§ REQUIRED WORK
Print every record exactly, but leave out the pictures.

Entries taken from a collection
****************************************

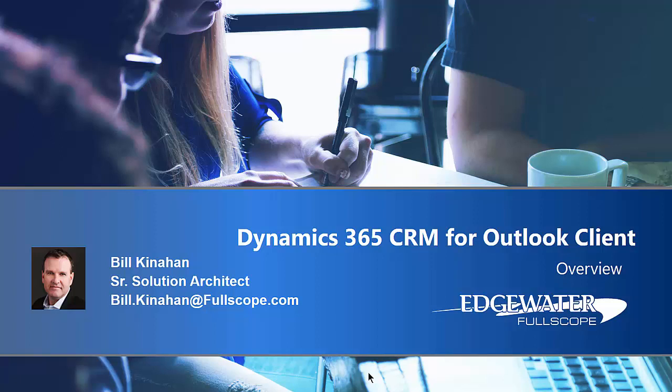Welcome to another video series from Edgewater Fullscope. My name is Bill Kinahan. I'm a senior solution architect with Fullscope and today we're going to do a brief overview of the Dynamics 365 CRM for Outlook client.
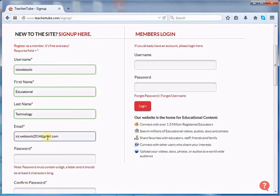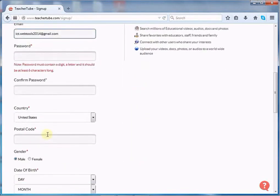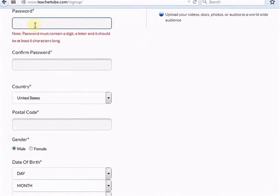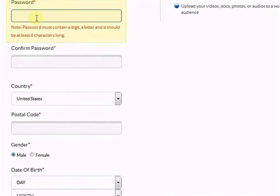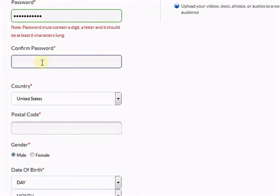Now scroll down. A password is basically a string of characters which is used for accessing an account. The TeacherTube account password should have a minimum of 6 characters. It should also contain a digit and a letter. Write down the same password which you have mentioned above.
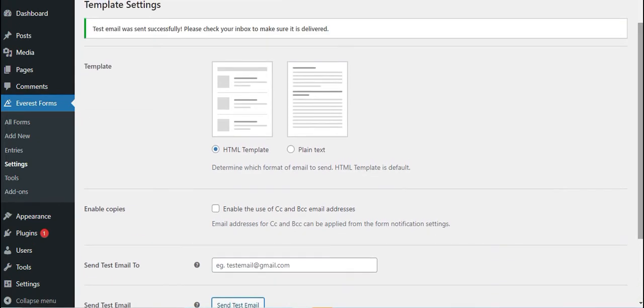If your WordPress site SMTP is correctly set up, you'll receive a test email at the address you just entered. If this fails, you need to contact your host and ask them to fix the email configurations for you.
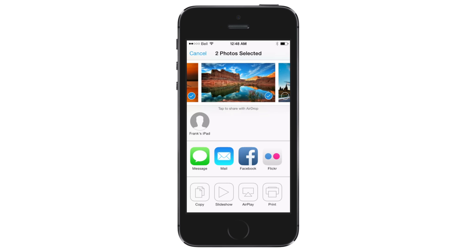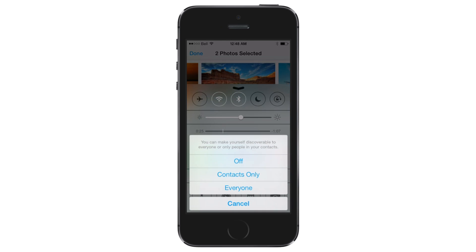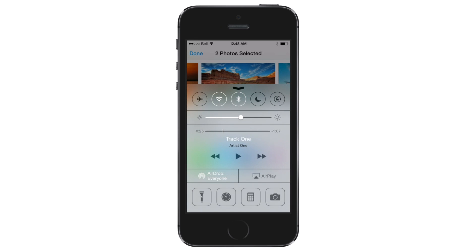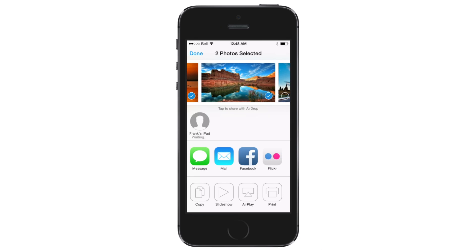If you don't see that person, ensure they have AirDrop enabled on their device. AirDrop can be enabled by swiping up from the bottom of the display and tapping the AirDrop button in Control Center. You can choose to make yourself visible to everyone or just your contacts. Please note that it is not possible to AirDrop from iOS to OS X yet.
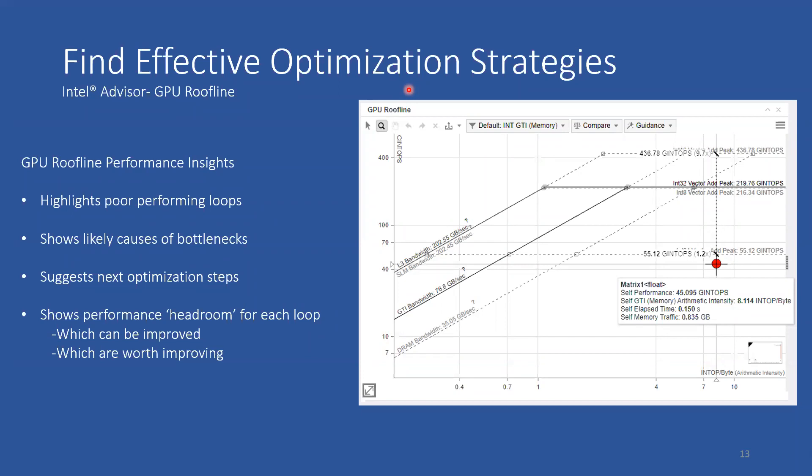That's it for today. Thanks to Corey and Jennifer for a very informative presentation. Next week is deploying OneAPI in one container on OpenHPC. If you have any questions, send them to jeff.rogers at intel.com or stevejones at stanford.edu. Thanks everyone for attending and I'll see you next week.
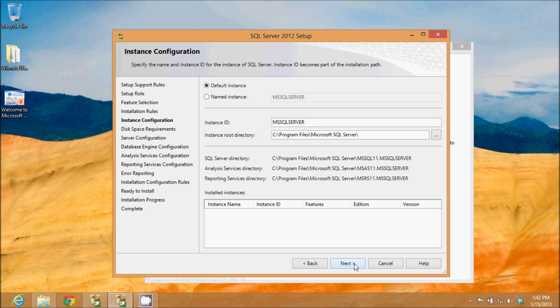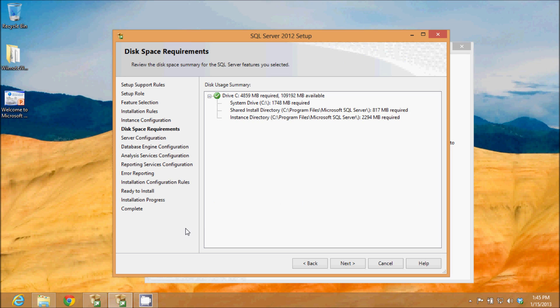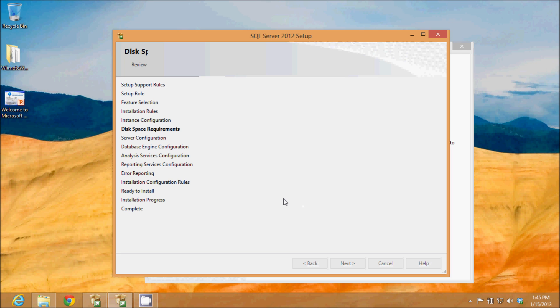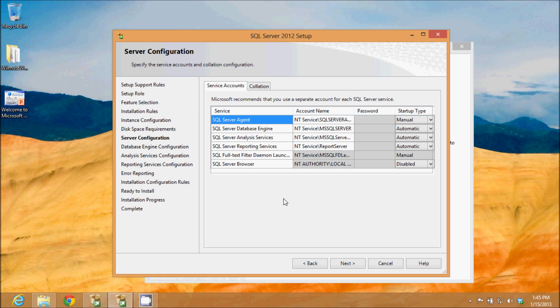Then I will click next. Now it's gone through and calculated how much disk space I'm going to be needing and how much is available. You see my required is less than my available so I should be good, so I will click next.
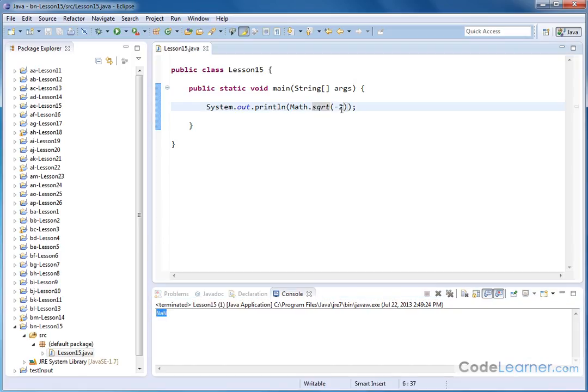So bottom line, you cannot take square root of negative numbers in Java. So that's a basic idea of how you calculate the powers, anything raised to an exponent of something else, and also how to calculate the square root of numbers in Java.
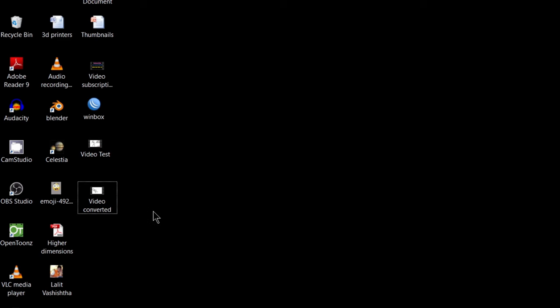So in this way, you can change any video file format into any other video file format just by using free VLC media player. and you don't need to download any specific video editor or file converter if you just have a VLC media player installed on your computer.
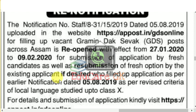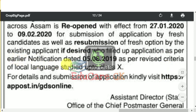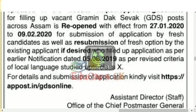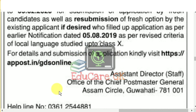We will be able to apply the notification to the GDS, as well as resubmission of fresh options by the existing applicant, if desired, who filled up the application as per the earlier notification dated 5-08-2019, as per revised criteria of local language studied up to class 10. For details and submission of the application, kindly visit appost.in/gdsonline.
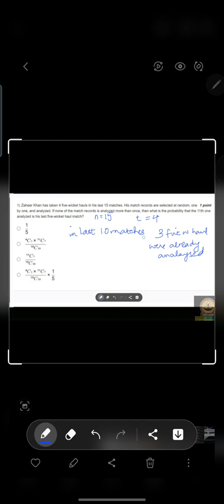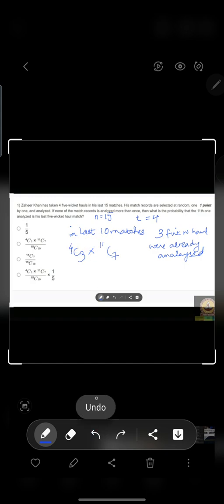What is the probability that we can get 3 five-wicket hauls in 10 matches? This would be 4C3 — the number of ways of getting 3 matches out of 4 — multiplied by 11C7 for the leftover matches. There are total 15 matches: 11 plus 4 equals 15, and the total analyzed are 7 non-five-wicket-haul matches.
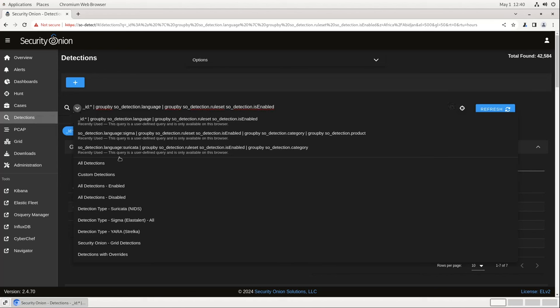For example, if I want to see just the currently available Sigma rules, I can click on detection type Sigma and see them.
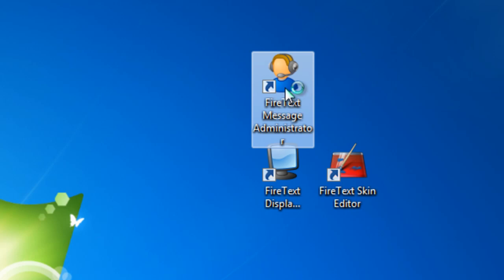You're basically the operator or administrator running the software, and you can moderate incoming text messages, you can set up your voting campaigns, text to win, song request, birthday shout out, RSVP, guest list - basically everything you want to do to manage incoming messages is done in this software.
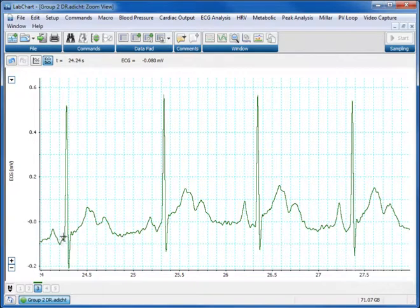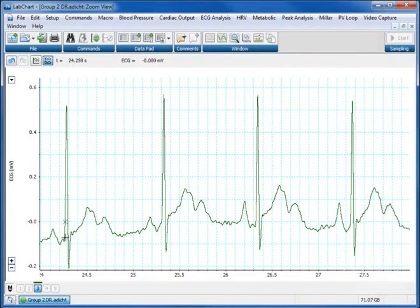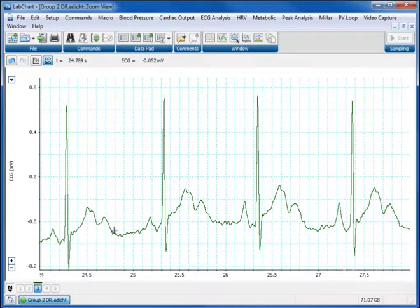We want to measure QT interval which is from the start of the QRS complex to the end of the T wave and we can measure that by holding our cursor over here and making a note of the time, holding our cursor here and making a note of the time. You can see the time is shown where it says T equals.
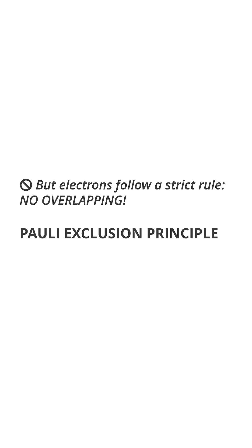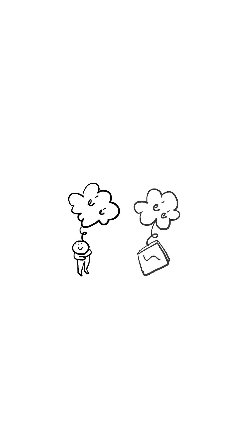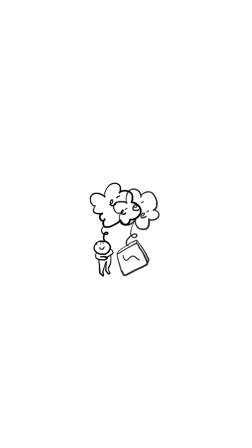But electrons follow a strict rule: no overlapping. This is called the Pauli exclusion principle. Fermions cannot share the same quantum state in the same space.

****************************************

§ WRITTEN RESPONSE
Welcome to another video series from Edgewater Fullscope. My name is Bill Kinahan. I'm a senior solution architect with Fullscope and today we're going to do a brief overview of the Dynamics 365 CRM for Outlook client.
Now scroll down. A password is basically a string of characters which is used for accessing an account. The TeacherTube account password should have a minimum of 6 characters. It should also contain a digit and a letter. Write down the same password which you have mentioned above.
If your WordPress site SMTP is correctly set up, you'll receive a test email at the address you just entered. If this fails, you need to contact your host and ask them to fix the email configurations for you.
If you don't see that person, ensure they have AirDrop enabled on their device. AirDrop can be enabled by swiping up from the bottom of the display and tapping the AirDrop button in Control Center. You can choose to make yourself visible to everyone or just your contacts. Please note that it is not possible to AirDrop from iOS to OS X yet.
That's it for today. Thanks to Corey and Jennifer for a very informative presentation. Next week is deploying OneAPI in one container on OpenHPC. If you have any questions, send them to jeff.rogers at intel.com or stevejones at stanford.edu. Thanks everyone for attending and I'll see you next week.
Then I will click next. Now it's gone through and calculated how much disk space I'm going to be needing and how much is available. You see my required is less than my available so I should be good, so I will click next.
So bottom line, you cannot take square root of negative numbers in Java. So that's a basic idea of how you calculate the powers, anything raised to an exponent of something else, and also how to calculate the square root of numbers in Java.
So in this way, you can change any video file format into any other video file format just by using free VLC media player. and you don't need to download any specific video editor or file converter if you just have a VLC media player installed on your computer.
We will be able to apply the notification to the GDS, as well as resubmission of fresh options by the existing applicant, if desired, who filled up the application as per the earlier notification dated 5-08-2019, as per revised criteria of local language studied up to class 10. For details and submission of the application, kindly visit appost.in/gdsonline.
What is the probability that we can get 3 five-wicket hauls in 10 matches? This would be 4C3 — the number of ways of getting 3 matches out of 4 — multiplied by 11C7 for the leftover matches. There are total 15 matches: 11 plus 4 equals 15, and the total analyzed are 7 non-five-wicket-haul matches.
For example, if I want to see just the currently available Sigma rules, I can click on detection type Sigma and see them.
You're basically the operator or administrator running the software, and you can moderate incoming text messages, you can set up your voting campaigns, text to win, song request, birthday shout out, RSVP, guest list - basically everything you want to do to manage incoming messages is done in this software.
We want to measure QT interval which is from the start of the QRS complex to the end of the T wave and we can measure that by holding our cursor over here and making a note of the time, holding our cursor here and making a note of the time. You can see the time is shown where it says T equals.
But electrons follow a strict rule: no overlapping. This is called the Pauli exclusion principle. Fermions cannot share the same quantum state in the same space.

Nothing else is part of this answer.